Американские критики уже распяли фильм Пройаса за дырявый сценарий и глупое лицо Николаса Кейджа, который играет пьющего астрофизика, увидевшего доказательство близкого Армагеддона не в телескопе, а на бумажке, принесенной его сыном из школы, где дирекция торжественно достала заложенную полвека назад «капсулу времени» с детскими фантазиями о будущем. Среди рисунков роботов и звездолетов оказался листок, плотно, без точек и запятых, исписанный цифрами, в которых даже после полбутылки виски несложно увидеть расписание всех крупнейших катастроф за 50 лет с координатами и точным числом жертв. Правда, насчет координат герой Кейджа догадывается не сразу, а только когда рядом с ним падает самолет, но это детали. Главное, что около последней даты нет никакой уточняющей информации, а дата наступит вот-вот.
Не надо обладать паранормальными способностями, чтобы представить, как Николас Кейдж с изменившимся лицом бежит туда и сюда, спотыкаясь обо все фабульные нелепости. Но если волевым усилием отвлечься от исполнителя главной роли и логики сюжетосложения, «Знамение» способно завораживать почти так же, как «Темный город», принесший Алексу Пройасу славу визионера.

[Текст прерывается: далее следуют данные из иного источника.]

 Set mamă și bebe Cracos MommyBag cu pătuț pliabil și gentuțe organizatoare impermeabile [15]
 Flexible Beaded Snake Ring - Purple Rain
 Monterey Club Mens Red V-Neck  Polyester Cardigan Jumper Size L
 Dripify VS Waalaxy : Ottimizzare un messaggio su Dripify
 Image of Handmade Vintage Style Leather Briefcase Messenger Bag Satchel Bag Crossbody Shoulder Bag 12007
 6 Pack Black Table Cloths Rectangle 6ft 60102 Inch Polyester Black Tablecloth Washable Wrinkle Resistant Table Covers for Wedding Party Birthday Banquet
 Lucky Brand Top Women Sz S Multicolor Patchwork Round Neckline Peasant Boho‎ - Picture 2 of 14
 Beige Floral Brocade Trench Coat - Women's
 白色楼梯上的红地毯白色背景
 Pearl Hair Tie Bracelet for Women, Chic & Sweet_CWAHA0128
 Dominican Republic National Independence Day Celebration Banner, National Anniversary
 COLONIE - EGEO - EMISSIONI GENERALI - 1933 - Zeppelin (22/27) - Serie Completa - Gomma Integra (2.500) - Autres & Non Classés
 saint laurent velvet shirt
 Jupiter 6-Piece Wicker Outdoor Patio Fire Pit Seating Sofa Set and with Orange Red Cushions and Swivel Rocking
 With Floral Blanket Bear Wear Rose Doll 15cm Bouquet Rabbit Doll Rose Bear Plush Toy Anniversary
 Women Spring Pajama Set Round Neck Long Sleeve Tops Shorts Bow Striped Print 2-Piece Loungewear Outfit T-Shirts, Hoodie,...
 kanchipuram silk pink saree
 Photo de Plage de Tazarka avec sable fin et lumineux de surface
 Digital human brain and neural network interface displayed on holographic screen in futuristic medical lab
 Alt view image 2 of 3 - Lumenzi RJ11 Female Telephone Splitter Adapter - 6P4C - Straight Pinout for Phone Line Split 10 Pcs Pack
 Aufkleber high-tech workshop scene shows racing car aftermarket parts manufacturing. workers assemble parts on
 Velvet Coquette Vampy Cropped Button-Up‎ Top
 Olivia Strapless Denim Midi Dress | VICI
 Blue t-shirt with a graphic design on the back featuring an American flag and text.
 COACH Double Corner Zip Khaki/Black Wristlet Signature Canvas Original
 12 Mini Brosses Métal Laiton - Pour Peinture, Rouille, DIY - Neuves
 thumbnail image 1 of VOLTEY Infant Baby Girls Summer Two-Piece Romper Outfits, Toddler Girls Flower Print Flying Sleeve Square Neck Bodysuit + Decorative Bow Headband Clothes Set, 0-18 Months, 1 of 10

Чем ближе к финалу, тем больше картина напоминает даже не мистические опыты М. Найта Шьямалана, а «Фонтан» Дэррена Аронофски и «Пекло» (Sunshine) Дэнни Бойла — масштабные философско-эзотерические полотна, на которых режиссеры сломали зубы из-за миссионерских амбиций. Но Алекс Пройас, похоже, относится к проповедям так же равнодушно, как и к сюжетным неувязкам. Проповедь хороша, если можно выстроить на ее основе визуальный аттракцион, и даже монументальный финал не мешает заметить, что видения в фильме Пройаса важнее идей.
Сцены катастроф сняты с нечеловеческим холодным изяществом. На станции нью-йоркской подземки такой удивительный свет, что за него можно простить десяток страниц сценарной халтуры. Когда ночью в детскую заходит человек в черном и указывает пальцем в окно, совершенно не важно, кто он такой, откуда взялся и о чем шепчет в твоей голове: нужно просто послушно смотреть. А когда Николас Кейдж настигает черного человека в лесу, можно, в конце концов, смириться и с Кейджем, как его герой смиряется с неизбежным.
Если у Алекса Пройаса и есть символ веры, то он состоит в точном режиссерском знании, что важнее всего на экране тьма и свет. Поэтому, когда человек в черном откроет рот, это будет не шепот и даже не крик.